Wer Nicolai Gogols Komödie Der Revisor kennt, ahnt das Kommende. Luzifer wird zwar die Korruptheit, die Verlogenheit und Falschheit der Menschen bloßlegen. Doch bleibt letztlich alles beim Alten: Der, wie sich herausstellt, falsche Revisor hat sich, von allen umschmeichelt und bestochen, kaum aus dem Staub gemacht, da taucht der richtige, der echte auf. Nun sind Schrecken und Verwirrung umso nachhaltiger.
Gogols Stück von 1836, das bereits zu seinen Lebzeiten das Publikum gespalten hat, ist eine schonungslose Abrechnung mit der alle Schichten der Bevölkerung durchziehenden Korruption.

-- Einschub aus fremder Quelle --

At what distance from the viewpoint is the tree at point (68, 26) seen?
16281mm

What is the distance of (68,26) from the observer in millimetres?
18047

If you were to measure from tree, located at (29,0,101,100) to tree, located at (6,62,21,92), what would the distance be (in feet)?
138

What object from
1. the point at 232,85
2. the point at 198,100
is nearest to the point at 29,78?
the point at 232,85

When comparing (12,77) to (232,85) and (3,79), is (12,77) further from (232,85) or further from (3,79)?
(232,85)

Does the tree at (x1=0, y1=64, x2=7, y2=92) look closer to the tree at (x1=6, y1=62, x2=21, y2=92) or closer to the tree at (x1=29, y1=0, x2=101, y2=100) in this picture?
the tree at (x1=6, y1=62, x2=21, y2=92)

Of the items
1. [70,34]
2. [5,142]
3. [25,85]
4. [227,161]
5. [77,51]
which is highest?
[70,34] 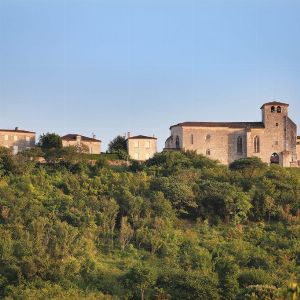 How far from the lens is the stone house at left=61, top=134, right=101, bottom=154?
59.5 metres

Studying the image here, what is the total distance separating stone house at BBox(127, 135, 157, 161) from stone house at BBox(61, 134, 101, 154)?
3547mm

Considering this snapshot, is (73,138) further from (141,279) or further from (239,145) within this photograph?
(141,279)

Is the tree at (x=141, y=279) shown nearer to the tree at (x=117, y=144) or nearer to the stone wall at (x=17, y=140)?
the tree at (x=117, y=144)

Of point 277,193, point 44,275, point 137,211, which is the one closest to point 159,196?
point 137,211

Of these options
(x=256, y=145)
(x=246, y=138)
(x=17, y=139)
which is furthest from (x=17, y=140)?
(x=256, y=145)

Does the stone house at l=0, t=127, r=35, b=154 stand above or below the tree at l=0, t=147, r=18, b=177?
above

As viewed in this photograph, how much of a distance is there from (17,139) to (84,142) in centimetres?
560

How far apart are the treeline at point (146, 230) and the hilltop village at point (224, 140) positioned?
6.78 meters

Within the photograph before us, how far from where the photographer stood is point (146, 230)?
126 feet

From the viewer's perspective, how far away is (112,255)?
36.4 m

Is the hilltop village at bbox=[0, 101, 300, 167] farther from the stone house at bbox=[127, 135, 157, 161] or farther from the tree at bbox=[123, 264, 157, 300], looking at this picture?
the tree at bbox=[123, 264, 157, 300]

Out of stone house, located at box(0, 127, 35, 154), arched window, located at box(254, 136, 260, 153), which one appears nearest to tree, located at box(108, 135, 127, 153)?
stone house, located at box(0, 127, 35, 154)

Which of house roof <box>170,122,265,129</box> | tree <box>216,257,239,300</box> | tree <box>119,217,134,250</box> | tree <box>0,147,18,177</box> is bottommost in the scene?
tree <box>216,257,239,300</box>

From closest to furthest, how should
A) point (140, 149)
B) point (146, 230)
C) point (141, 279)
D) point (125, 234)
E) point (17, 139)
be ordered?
point (141, 279)
point (125, 234)
point (146, 230)
point (140, 149)
point (17, 139) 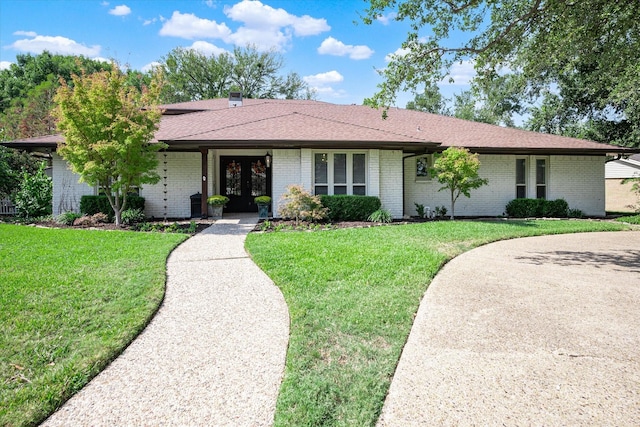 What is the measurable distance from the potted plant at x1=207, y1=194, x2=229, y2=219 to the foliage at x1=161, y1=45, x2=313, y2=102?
23251 millimetres

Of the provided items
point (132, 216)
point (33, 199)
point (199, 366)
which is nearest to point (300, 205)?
point (132, 216)

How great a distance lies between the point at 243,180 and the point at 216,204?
2705 mm

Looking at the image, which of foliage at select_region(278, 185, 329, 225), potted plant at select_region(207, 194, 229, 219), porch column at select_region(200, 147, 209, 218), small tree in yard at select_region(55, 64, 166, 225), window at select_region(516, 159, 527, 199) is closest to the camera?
small tree in yard at select_region(55, 64, 166, 225)

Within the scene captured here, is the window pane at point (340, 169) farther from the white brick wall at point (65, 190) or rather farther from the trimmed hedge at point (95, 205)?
the white brick wall at point (65, 190)

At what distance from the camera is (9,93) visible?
127ft

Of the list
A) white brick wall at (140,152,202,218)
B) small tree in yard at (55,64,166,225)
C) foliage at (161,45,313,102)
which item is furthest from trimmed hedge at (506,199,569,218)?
foliage at (161,45,313,102)

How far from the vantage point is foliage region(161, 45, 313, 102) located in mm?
33562

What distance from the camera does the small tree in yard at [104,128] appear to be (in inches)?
385

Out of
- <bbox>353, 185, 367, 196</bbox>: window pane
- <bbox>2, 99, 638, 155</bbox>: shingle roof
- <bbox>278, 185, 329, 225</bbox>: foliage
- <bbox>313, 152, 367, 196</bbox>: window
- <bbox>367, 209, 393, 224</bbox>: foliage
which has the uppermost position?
<bbox>2, 99, 638, 155</bbox>: shingle roof

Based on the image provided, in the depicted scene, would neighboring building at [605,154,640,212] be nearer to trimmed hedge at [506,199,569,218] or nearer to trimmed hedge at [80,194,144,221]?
trimmed hedge at [506,199,569,218]

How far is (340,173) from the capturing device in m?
13.1

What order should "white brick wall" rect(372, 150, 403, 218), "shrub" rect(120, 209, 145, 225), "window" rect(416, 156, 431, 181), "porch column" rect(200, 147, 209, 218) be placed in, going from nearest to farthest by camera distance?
"shrub" rect(120, 209, 145, 225) → "porch column" rect(200, 147, 209, 218) → "white brick wall" rect(372, 150, 403, 218) → "window" rect(416, 156, 431, 181)

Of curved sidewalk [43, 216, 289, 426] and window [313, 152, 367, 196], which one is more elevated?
window [313, 152, 367, 196]

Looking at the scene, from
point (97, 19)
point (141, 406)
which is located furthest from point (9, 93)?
point (141, 406)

Ein Brief versetzt die Honoratioren des kleinen russischen Provinznestes in helle Aufregung: Ein Revisor aus Sankt Petersburg soll auf dem Weg in die Stadt sein, in der der ebenso ehrgeizige wie schleimige Stadthauptmann Dmuchanowski die Fäden zieht. Natürlich zu seinem und seiner Familie Vorteil. Und all derer, die mit ihm unter einer Decke stecken - also alle. Der Schreck sitzt tief und steigert sich, als der vermeintliche Regierungsvertreter wirklich auftaucht.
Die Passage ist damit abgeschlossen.